Items from a data source
......

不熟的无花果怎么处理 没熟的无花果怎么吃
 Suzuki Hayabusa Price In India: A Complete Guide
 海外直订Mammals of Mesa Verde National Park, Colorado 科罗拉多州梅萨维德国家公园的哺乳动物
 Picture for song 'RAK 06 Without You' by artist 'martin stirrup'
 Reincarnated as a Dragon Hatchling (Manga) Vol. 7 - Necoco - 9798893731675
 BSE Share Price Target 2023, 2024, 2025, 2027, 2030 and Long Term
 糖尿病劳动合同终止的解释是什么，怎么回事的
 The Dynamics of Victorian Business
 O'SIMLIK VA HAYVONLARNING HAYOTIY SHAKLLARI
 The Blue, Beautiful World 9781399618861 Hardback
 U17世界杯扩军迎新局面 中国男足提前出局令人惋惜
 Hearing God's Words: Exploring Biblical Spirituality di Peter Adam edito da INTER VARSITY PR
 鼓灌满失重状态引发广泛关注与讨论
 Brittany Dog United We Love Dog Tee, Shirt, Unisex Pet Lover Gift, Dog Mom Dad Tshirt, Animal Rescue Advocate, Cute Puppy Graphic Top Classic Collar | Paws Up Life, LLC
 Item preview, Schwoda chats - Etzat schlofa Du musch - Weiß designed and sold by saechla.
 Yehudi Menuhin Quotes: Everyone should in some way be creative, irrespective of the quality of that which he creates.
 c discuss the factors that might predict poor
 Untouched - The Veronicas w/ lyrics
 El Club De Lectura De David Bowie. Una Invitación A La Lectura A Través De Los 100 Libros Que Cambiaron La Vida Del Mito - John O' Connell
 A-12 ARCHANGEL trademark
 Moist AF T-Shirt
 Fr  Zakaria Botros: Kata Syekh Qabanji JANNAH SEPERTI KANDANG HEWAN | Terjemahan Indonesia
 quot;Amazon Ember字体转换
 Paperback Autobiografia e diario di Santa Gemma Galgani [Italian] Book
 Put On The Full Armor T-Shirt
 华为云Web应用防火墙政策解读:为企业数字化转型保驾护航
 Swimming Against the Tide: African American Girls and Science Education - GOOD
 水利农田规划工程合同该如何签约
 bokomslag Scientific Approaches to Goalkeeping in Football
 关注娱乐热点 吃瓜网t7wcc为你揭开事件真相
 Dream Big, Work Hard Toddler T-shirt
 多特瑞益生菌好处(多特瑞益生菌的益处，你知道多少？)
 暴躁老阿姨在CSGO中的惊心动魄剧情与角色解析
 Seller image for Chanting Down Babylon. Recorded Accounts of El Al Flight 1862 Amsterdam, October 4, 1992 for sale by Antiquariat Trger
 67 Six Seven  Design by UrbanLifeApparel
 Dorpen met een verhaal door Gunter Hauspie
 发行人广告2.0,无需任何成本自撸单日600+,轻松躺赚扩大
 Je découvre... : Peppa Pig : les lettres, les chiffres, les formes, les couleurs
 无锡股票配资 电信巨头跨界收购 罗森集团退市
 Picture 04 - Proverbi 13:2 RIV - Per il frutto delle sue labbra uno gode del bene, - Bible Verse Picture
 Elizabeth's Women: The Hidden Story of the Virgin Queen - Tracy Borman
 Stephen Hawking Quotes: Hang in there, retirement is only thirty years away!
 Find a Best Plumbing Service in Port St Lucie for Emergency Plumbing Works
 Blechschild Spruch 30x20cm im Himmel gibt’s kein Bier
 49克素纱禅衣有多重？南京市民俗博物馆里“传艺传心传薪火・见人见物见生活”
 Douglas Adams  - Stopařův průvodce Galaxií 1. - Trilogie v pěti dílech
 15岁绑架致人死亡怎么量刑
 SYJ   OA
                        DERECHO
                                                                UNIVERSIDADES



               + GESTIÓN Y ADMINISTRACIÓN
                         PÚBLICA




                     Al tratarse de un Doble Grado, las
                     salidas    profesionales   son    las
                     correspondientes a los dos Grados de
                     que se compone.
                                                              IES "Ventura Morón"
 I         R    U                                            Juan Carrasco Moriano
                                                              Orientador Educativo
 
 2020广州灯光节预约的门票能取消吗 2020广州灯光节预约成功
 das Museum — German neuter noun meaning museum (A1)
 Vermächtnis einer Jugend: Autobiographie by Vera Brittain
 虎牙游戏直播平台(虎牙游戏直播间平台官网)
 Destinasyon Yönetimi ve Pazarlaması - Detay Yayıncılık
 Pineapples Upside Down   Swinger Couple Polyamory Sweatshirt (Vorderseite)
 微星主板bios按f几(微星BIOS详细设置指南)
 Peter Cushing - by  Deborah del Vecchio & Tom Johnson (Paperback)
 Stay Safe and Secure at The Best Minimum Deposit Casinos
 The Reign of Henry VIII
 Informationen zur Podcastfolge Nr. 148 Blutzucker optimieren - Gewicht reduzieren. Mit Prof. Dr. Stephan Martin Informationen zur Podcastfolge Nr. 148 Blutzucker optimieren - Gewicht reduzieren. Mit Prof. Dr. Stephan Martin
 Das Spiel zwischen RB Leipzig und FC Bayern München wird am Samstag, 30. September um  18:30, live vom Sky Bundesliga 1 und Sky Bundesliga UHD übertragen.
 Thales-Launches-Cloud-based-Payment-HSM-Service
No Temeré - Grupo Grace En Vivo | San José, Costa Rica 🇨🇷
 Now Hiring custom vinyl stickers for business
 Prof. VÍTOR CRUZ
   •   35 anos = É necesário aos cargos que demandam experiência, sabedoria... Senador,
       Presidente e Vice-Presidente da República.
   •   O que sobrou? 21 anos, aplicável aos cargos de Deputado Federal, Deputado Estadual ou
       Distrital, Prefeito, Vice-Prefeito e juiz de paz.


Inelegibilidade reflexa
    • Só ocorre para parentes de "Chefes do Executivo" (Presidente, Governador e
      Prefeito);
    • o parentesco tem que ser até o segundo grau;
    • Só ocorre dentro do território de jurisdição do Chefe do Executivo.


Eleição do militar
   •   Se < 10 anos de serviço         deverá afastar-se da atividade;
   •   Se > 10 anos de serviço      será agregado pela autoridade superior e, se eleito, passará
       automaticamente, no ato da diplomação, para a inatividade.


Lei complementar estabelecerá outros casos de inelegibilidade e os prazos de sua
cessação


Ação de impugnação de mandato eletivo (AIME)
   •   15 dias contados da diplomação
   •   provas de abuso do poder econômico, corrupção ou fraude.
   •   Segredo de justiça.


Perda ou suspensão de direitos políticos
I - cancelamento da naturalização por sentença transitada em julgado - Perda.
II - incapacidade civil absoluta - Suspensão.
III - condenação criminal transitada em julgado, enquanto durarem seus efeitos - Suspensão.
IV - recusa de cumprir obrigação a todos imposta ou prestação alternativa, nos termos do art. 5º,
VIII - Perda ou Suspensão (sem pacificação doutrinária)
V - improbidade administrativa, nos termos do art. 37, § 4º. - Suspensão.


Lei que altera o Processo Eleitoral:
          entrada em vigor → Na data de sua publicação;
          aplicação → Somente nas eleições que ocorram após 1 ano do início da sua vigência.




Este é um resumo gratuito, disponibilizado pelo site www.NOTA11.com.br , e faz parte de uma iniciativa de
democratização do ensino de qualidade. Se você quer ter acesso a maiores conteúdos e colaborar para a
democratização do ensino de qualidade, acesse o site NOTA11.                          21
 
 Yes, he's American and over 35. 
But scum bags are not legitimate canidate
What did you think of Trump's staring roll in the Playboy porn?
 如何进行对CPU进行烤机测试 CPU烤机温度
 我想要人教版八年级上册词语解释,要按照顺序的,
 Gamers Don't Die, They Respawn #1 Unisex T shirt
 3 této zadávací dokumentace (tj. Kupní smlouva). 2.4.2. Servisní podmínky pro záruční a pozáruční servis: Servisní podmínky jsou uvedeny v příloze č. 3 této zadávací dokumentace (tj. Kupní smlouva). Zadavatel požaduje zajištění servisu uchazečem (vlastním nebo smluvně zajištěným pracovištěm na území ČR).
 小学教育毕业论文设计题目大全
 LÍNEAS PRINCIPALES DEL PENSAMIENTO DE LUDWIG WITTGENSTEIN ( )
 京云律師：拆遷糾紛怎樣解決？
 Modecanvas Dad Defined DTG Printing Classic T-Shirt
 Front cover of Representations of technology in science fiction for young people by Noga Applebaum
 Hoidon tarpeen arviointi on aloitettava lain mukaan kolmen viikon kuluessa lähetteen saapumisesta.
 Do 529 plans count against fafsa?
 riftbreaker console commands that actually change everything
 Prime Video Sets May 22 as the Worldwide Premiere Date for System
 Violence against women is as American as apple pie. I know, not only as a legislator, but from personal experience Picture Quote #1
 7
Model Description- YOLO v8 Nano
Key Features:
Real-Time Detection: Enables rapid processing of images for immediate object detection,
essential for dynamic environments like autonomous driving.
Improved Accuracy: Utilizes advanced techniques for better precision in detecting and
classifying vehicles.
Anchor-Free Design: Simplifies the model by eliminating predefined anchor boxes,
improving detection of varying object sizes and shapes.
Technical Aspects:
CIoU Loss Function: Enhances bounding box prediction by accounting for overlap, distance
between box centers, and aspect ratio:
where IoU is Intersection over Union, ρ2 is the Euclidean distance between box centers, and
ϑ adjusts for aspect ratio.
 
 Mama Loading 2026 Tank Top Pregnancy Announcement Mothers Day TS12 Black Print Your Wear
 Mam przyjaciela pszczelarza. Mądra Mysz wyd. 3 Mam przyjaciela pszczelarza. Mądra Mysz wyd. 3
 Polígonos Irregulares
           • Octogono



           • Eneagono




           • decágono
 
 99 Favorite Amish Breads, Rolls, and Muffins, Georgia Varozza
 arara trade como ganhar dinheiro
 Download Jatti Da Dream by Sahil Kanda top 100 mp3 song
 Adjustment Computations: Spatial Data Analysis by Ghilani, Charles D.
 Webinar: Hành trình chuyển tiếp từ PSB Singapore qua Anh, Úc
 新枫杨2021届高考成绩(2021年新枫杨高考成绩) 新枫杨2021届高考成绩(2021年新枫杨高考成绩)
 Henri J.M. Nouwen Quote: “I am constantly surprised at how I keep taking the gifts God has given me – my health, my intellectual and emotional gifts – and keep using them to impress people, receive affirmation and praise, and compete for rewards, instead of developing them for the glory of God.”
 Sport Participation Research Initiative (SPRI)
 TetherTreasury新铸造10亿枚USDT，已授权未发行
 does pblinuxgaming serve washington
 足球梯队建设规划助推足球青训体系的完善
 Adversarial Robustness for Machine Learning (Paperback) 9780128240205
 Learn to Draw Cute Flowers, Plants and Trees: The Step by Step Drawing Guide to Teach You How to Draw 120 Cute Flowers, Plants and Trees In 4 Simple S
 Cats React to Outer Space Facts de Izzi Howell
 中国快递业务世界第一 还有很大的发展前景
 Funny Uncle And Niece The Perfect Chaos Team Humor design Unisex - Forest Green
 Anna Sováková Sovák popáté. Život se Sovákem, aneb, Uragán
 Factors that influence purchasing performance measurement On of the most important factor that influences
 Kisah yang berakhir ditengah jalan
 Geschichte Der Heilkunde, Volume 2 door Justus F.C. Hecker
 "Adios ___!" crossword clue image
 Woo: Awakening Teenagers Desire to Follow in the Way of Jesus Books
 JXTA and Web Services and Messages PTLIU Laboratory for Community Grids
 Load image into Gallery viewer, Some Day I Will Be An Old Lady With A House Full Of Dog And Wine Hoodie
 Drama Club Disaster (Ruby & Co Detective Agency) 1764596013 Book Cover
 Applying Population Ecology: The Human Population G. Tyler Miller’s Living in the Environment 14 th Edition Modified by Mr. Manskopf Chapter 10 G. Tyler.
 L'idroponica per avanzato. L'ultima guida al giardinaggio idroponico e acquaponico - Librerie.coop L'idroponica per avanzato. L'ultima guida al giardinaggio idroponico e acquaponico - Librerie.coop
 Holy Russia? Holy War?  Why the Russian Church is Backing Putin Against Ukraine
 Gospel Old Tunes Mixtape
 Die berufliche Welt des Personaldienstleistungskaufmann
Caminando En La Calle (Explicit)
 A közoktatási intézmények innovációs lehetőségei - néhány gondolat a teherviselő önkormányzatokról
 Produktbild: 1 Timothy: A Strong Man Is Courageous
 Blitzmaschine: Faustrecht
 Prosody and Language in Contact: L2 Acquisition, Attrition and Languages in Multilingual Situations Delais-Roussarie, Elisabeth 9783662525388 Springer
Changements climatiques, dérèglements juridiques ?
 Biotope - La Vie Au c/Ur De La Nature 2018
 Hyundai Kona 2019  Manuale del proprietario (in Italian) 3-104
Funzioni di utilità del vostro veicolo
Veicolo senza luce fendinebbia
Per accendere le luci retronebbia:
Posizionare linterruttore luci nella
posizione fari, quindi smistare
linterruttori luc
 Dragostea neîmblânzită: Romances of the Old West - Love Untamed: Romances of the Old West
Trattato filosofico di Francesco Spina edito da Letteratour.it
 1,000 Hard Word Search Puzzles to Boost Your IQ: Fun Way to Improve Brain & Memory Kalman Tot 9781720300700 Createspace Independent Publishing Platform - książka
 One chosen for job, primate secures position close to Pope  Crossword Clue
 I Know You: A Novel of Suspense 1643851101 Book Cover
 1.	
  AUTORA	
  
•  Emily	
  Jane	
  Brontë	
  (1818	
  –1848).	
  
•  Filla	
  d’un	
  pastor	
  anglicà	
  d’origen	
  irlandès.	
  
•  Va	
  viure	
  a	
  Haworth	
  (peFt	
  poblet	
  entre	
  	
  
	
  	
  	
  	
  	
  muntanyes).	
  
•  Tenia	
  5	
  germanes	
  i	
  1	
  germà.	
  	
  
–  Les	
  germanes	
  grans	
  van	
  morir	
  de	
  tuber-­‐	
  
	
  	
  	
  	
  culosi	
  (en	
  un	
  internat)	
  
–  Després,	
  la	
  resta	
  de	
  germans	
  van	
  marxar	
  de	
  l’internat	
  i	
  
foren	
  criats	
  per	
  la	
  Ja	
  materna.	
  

......

Directions: Scan the data above for the string "julgado" and copy each line where it appears.

Exercise response:
I - cancelamento da naturalização por sentença transitada em julgado - Perda.
III - condenação criminal transitada em julgado, enquanto durarem seus efeitos - Suspensão.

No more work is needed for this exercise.